『友達0のコミュ障が「一人」で稼げるようになったぼっち仕事術』。看板に偽りありの不快な本だが何か所か読むところはあった(のかなあ)。

タイトルを見て、まぁ仕事術の本というのは基本的に、意識が低いほうが(非精神論で即物的になって)おもしろいわけなので、学校帰りの電車で読み始めた。でまぁ、最初の「第1章」で、「コミュ障でもうまくごまかしてやっていく」ということを言ってたのぐらいは、まぁよかった。まぁそのぐらいで終わっておけばよかったんだろうなあというのがこの本の積極的な感想で、たとえばほんとに「友達0のコミュ障」のひとが仕事に悩んだとしてこの本を手に取ったらたぶん死にたくなるだろう。著者の人は、友達のいない人、「コミュ障」の人、あとほんとうに「一人」で稼いでいる人に、謝るといいだろう。著者の人は、早稲田の理工を出てなんかよさげなITコンサル会社に入社したものの「コミュ障」で失敗し、退職して、いまはフリーでやっているシステムエンジニア、というふれこみなのだが、「第2章」で明かされる経歴を見ると、会社でそれなりに仕事をあてがってもらってたのにYouTuberとかインフルエンサーとか?に感化されて退職、で小説家になるといって箸にも棒にもかからないものを3作ぐらい投稿してとうぜん箸にも棒にもかからず、YouTuberになろうとしても誰も視聴せず、クラウドソーシングのこたつ記事で稼ごうと思っても雀の涙、ブログで稼ごうとしてもお小遣いていどで生活できるには程遠く、スマホアプリ開発ならできるのではとアイディアを思いついたがどうにもならず…といったダメかげんで、しばらくは「なんだこれは?」と思って読むわけだけれどだんだん種明かしが見えてくる。

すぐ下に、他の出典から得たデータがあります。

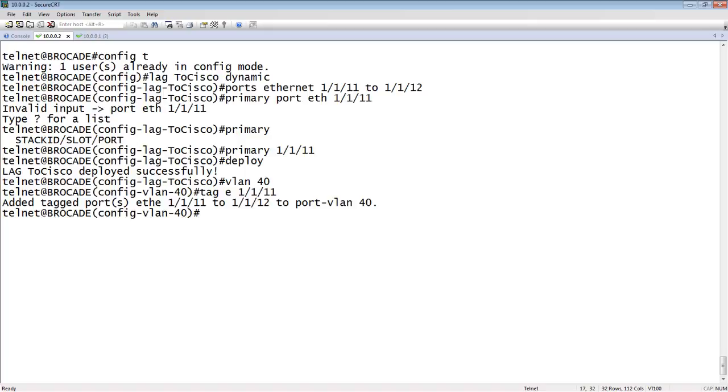But otherwise, once it's up, it's functionally exactly the same. And, of course, it is cross-compatible. So, you can connect one end of that LACP lag to a brocade and the other end to a Cisco, and it will work just fine. Okay. So, that's it for dynamic lags. Thanks for joining, and we'll see you next time. Take care.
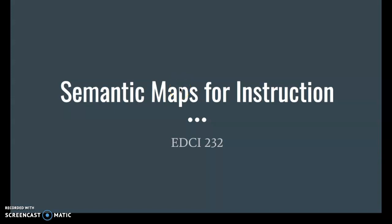Hello again, everybody. Today we're going to do a little online lecture related to semantic maps for instruction.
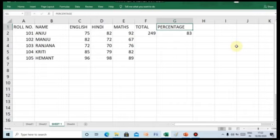A form is a window that contains numerous fields to enter, modify and view one record at a time. Each field holds a field name so that any user who views the form or enters data in it gets an idea of its content.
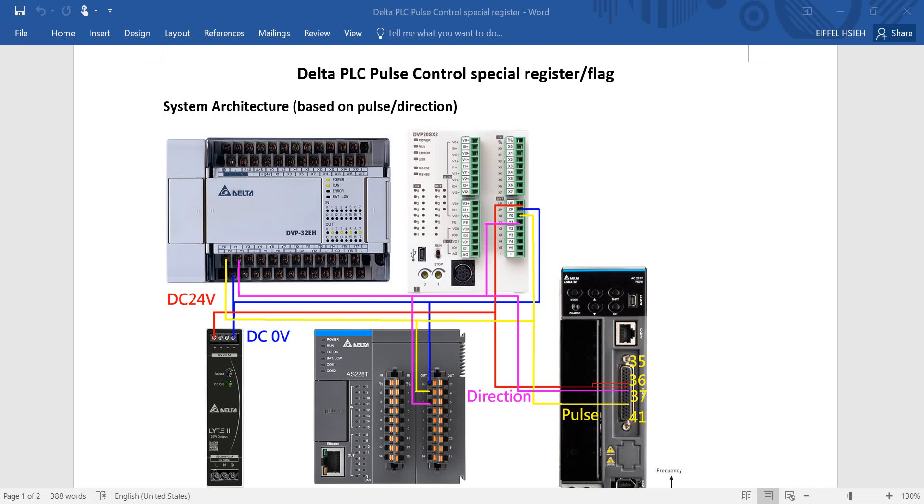Hi everyone, this is IFO. Today I will talk about Delta PLC special register and flag for pulse control. This example will be pulse and direction control. You can see the system architecture below. We will use a different type of Delta PLC connected to a servo drive.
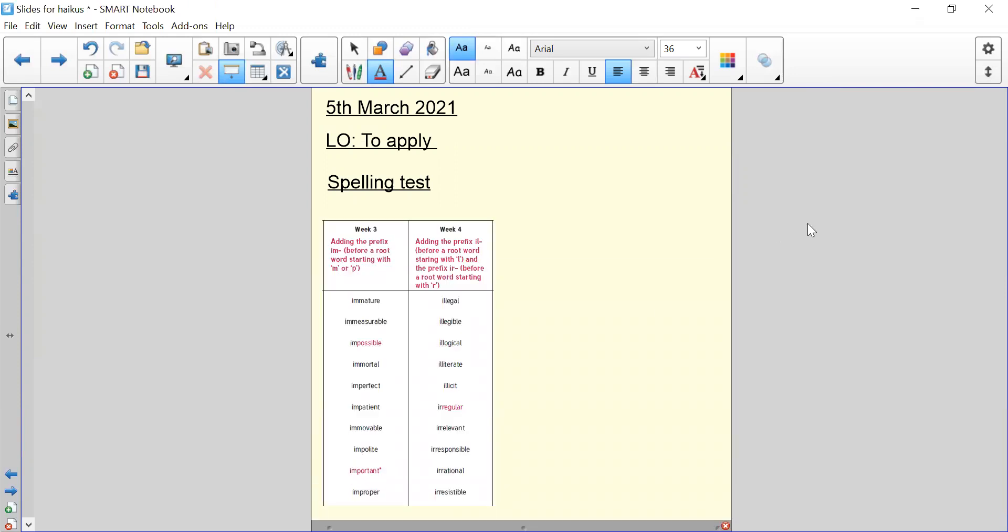Now we're going to mark them. Spelling number one, I-M-M-A-T-U-R-E. Spelling number two, I-M-P-O-S-S-I-B-L-E. Spelling number three, I-M-P-A-T-I-E-N-T. Spelling number four, I-M-P-O-R-T-A-N-T. Spelling number five, I-M-P-E-R-F-E-C-T.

けっきょくどうにもならなくなって実家に戻った娘にパパが手を差し伸べて、「知人のビジネスインキュベーター」を紹介してくれる。で、ただでアドバイス。で、「エンジニアさん」も紹介してもらって、そのエンジニアさんと、思いつきのアプリの案をああだこうだいってるうちにアイディアは全然別物に化け…しかもただで相談した挙句にけっきょくものにならず没。でこんどはまたパパが「ビジネス投資家さん」を紹介してくれて、その人がなぜか何物でもない著者のあやふやなアイディアにポンと「とりあえず一千万」出してくれる。それでなんか会社を設立して?なんか前職でお世話になった人に「サポーターさん」になってもらってなんかやるけどそれもけっきょくものにならず没。で、しかたないのでアプリのアイディアにならないかぐらいの気持ちで配送のバイトをフルタイムにしたら失敗ばかりだったし腰が痛くなったのですぐやめて、どうしようかと思ってたら「サポーターさん」がプログラミングの業務委託契約、月60万円、というのを回してくれました、という。うーん、ようこれで他人に講釈しようと思ったな。でまぁ、「第3章 お金」では、家計簿をつけてお金の使い方を見直そう、でもこまかいレシートをいちいち集めたりしてもうまくいかないから固定費だけ書き上げよう、それで私は火災保険とガス電気を安いところに替えて、月6000円だったか浮かせました! 年間にすると8万円!すごい! アマプラのサブスク代とか、カフェでコーヒーを飲んだりするのを節約すると生活の質が下がるのでそれはやりません! みたいなかんじ。収入のうち何割を投資に回してます、あ、不動産投資の会社もはじめました、みたいな。人生を長期的に見て節約するために、ちゃんとしたファイナンシャルプランナーに見てもらいましょう、数万円の投資は無駄になりませんよ、とか。「第4章 メンタル」では、じぶんが落ち込んでヤバかった時には、彼氏には愚痴を聞かせたくなかったので日記に書いていました、これおススメ!みたいな。あと母親と毎日散歩したりしておしゃべりしています、とか、そういえば去年母と二人でイタリアに旅行に行って…とかなんとか。たぶんこれ、人をムカつかせようと思って書いているというわけではないんだろうなあというところがキツい、というか、あーそうなんだ、というかんじで勉強になる。